- Medical Marijuana in HUD-Assisted Properties: Update Since HUD’s January 2011 Memorandum
- May 28, 2015 | Author: Angela McManus Sekerka
- Law Firm: Wilson Elser Moskowitz Edelman & Dicker LLP - Chicago Office
The U.S. Drug Enforcement Agency (DEA) classifies marijuana as a Schedule I Controlled Substance, which recognizes no medical use. In January 2011, the U.S. Department of Housing and Urban Development (HUD) issued an often-cited memorandum entitled “Medical Use of Marijuana and Reasonable Accommodation in Federal Public and Assisted Housing.”
The 2011 HUD Memorandum
The 2011 memorandum was meant to address the significant increase in the number of inquiries HUD had received from residents of states where medical marijuana was legal as to whether an exception could be made allowing residents to violate federal drug-free policies and use medical marijuana in HUD-assisted properties as a reasonable accommodation for their disabilities. The memorandum clearly stated that no such exceptions would be made. It cited and reaffirmed HUD’s 1999 memorandum, which said that any state law purporting to legalize the use of medical marijuana in public or other assisted housing would conflict with the admission and termination standards found in the Quality Housing and Work and Responsibility Act of 1998 (QHWRA) and be subject to preemption.

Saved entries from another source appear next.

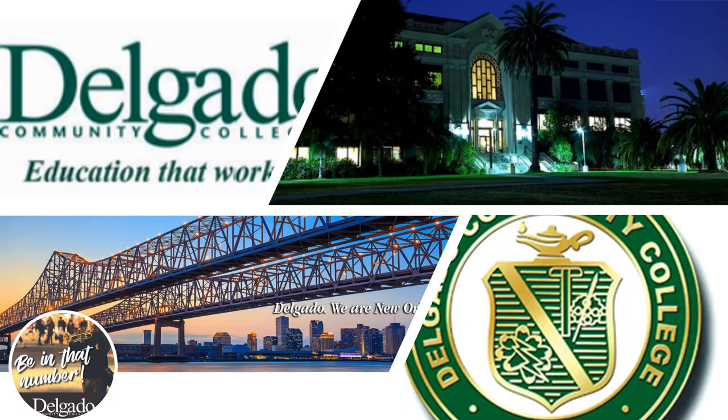Well, that's all I have for you. We look forward to hearing from you so you can be in that number at Delgado Community College.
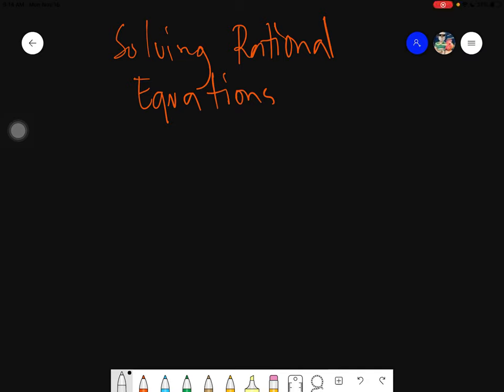Salam alaikum warahmatullahi wabarakatuh. Good day again everyone. Today we will be trying to solve rational equations.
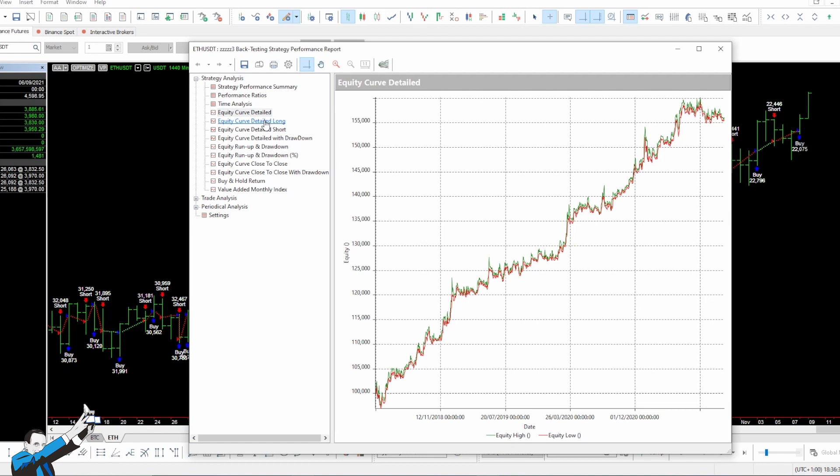If you want to learn more about the world of systematic trading, I invite you to click on the link in the description of this video. It'll take you to a completely free webinar in which Andrea Unger, the only four-time world trading champion with real money, will introduce you to this world, which is just so full of opportunities.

The 2011 memorandum further stated that public housing agencies (PHAs) and owners of federally assisted housing may not permit the use of medical marijuana as a reasonable accommodation for residents with disabilities, because (1) people using illegal drugs are disqualified from protection under the disability definition provisions of section 504 of the Rehabilitation Act (Section 504) and the Americans with Disabilities Act (ADA) and (2) such accommodations are not reasonable under the Fair Housing Act (FHA) as they would constitute a fundamental alteration in the nature of a PHA’s or owner’s operations. However, the memorandum also stated that while PHAs or owners may not grant reasonable accommodations for medical marijuana use, they retain the discretion to decide whether or not to evict a resident for using medical marijuana on the premises.
Current State Laws
At the time the January 2011 memorandum was issued, Alaska, Arizona, California, Colorado, Hawaii, Maine, Michigan, Montana, Nevada, New Jersey, New Mexico, Oregon, Rhode Island, Vermont, Washington and Washington D.C. had state laws allowing the use of medical marijuana. Since then, Connecticut, Delaware, Illinois, Maryland, Massachusetts, Minnesota, New Hampshire and New York have passed medical marijuana laws. Currently, medical marijuana legalization laws are pending in seven more states: Florida, Missouri, Nebraska, Pennsylvania, South Carolina, Tennessee and Texas. Colorado and Washington have gone a step further and legalized marijuana use for recreational purposes.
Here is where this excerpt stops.